── AVAILABLE DATA ──

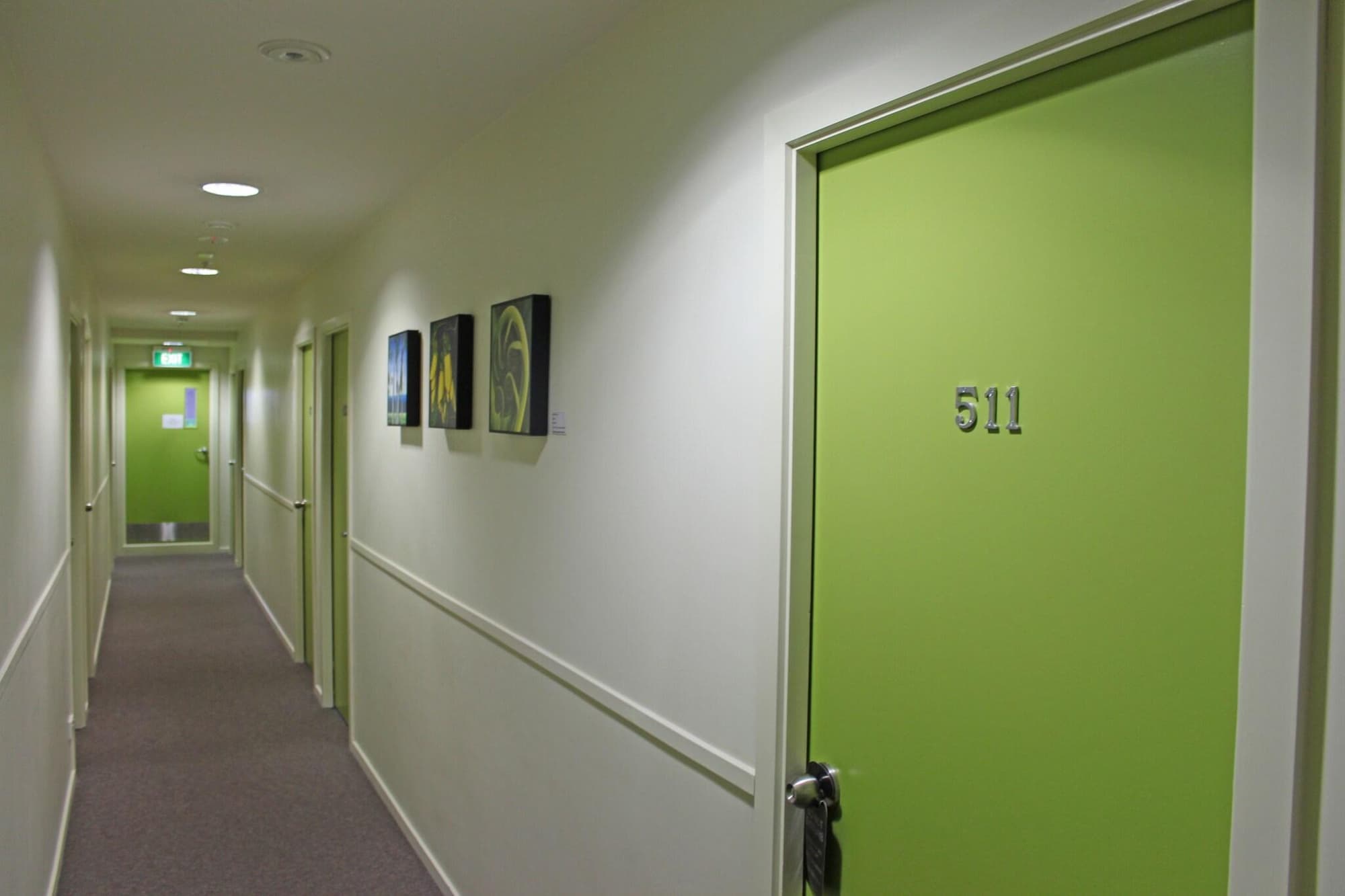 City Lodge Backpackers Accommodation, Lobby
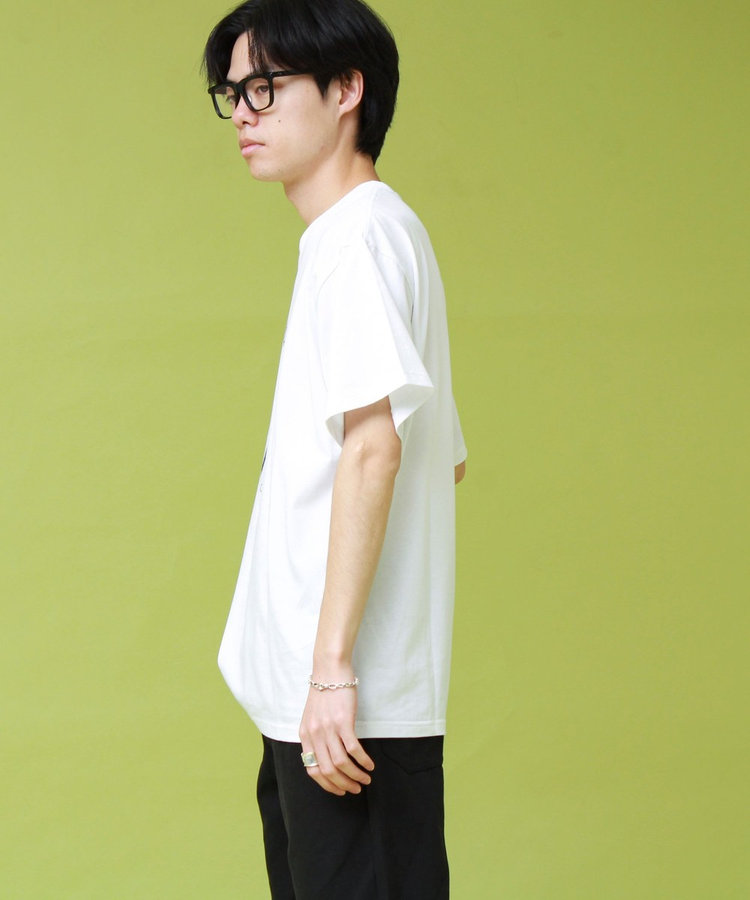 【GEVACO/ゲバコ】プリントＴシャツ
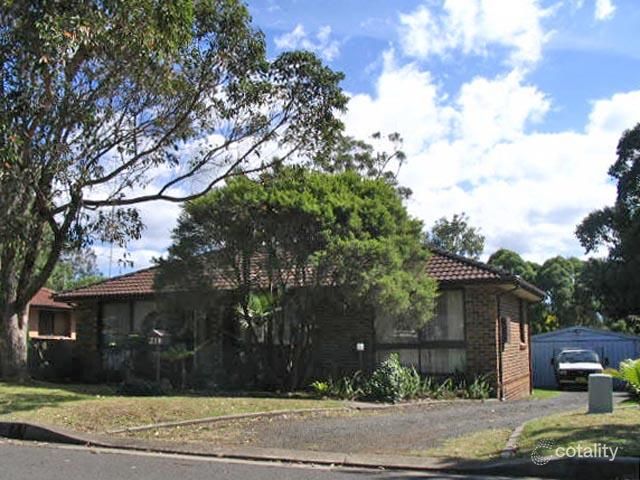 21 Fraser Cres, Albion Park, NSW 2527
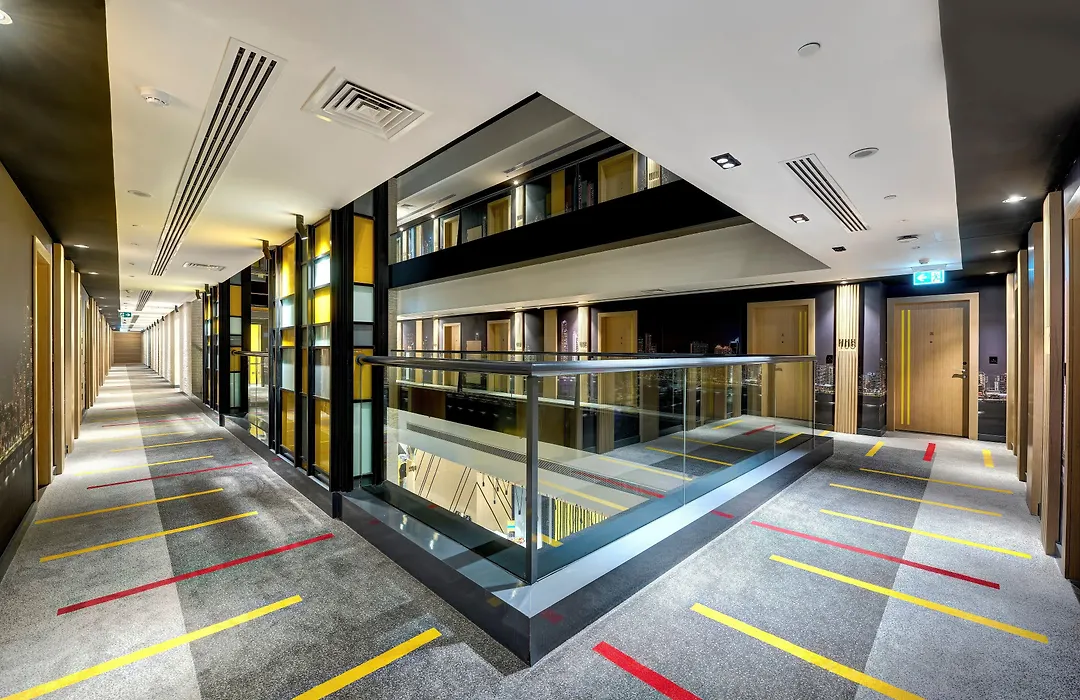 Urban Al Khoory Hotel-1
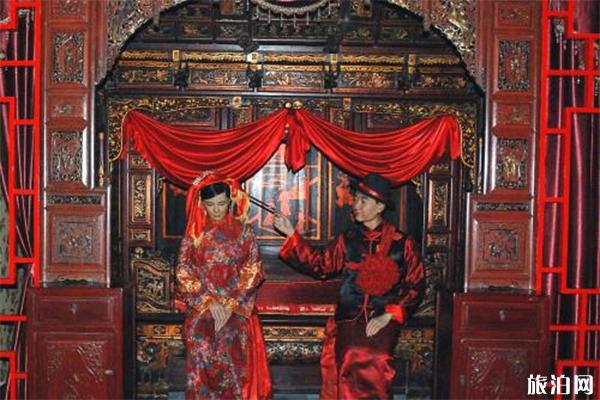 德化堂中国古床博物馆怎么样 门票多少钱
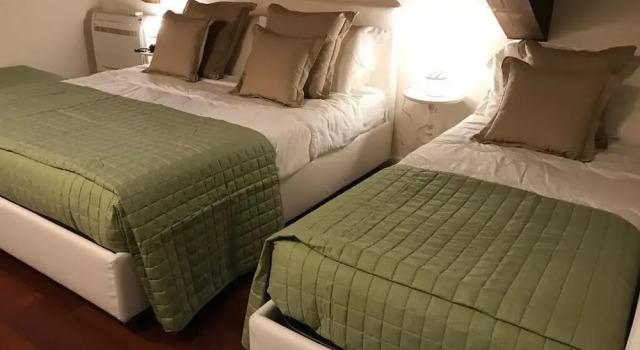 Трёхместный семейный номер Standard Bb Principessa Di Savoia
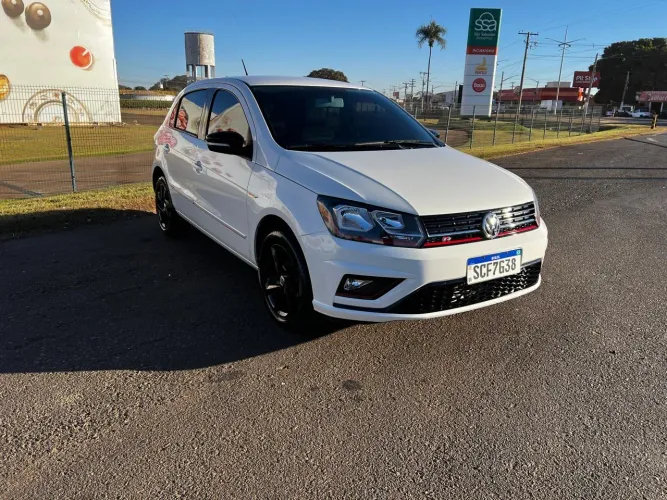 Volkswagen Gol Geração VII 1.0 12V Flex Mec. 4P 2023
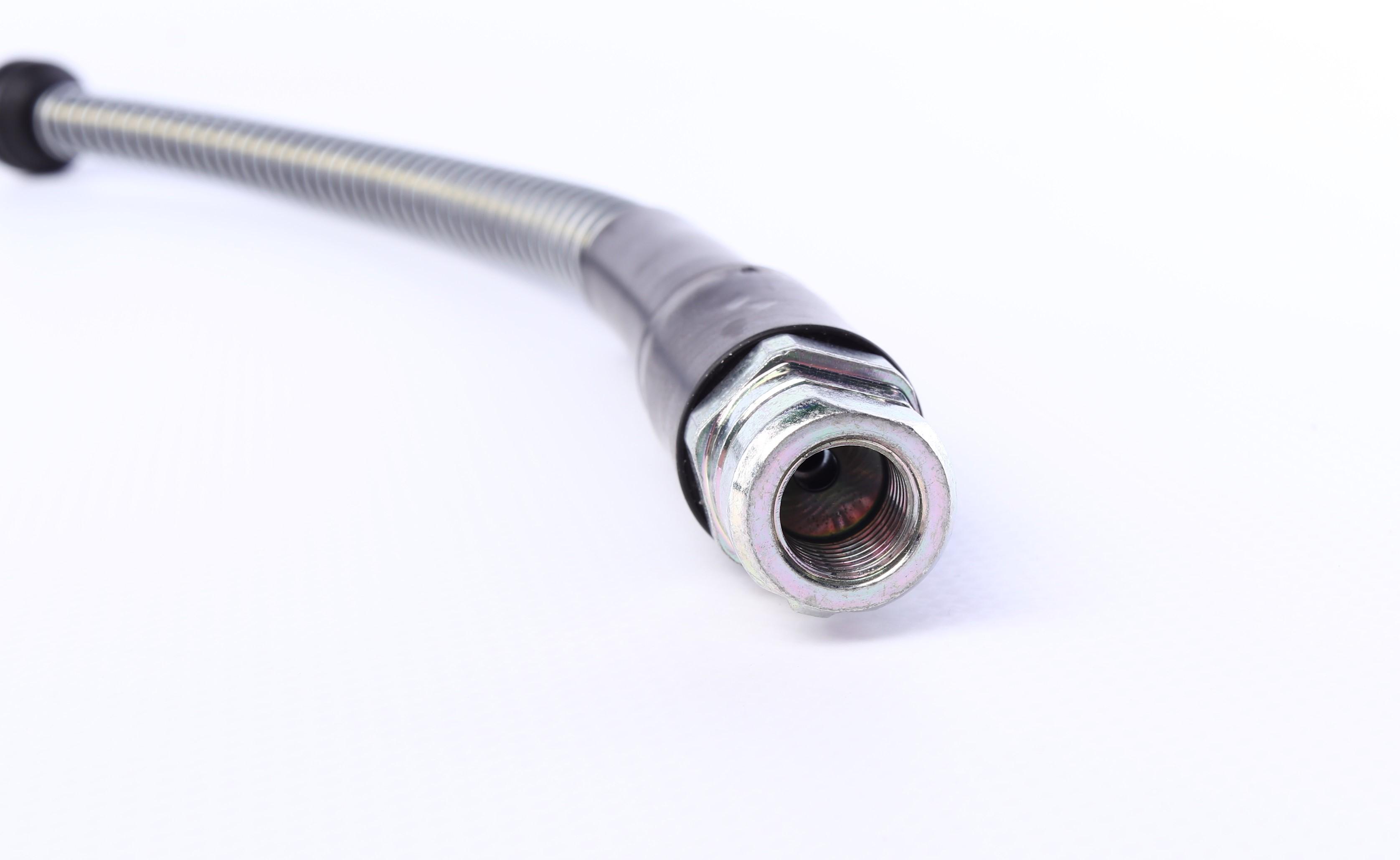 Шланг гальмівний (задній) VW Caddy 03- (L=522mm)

───

TASK DETAILS: Starting at the line that contains "Трёхместный семейный номер", return every line through the end of the records above exactly as written, and return no pictures.

OUTPUT FOR THIS TASK:
 Трёхместный семейный номер Standard Bb Principessa Di Savoia
 Volkswagen Gol Geração VII 1.0 12V Flex Mec. 4P 2023
 Шланг гальмівний (задній) VW Caddy 03- (L=522mm)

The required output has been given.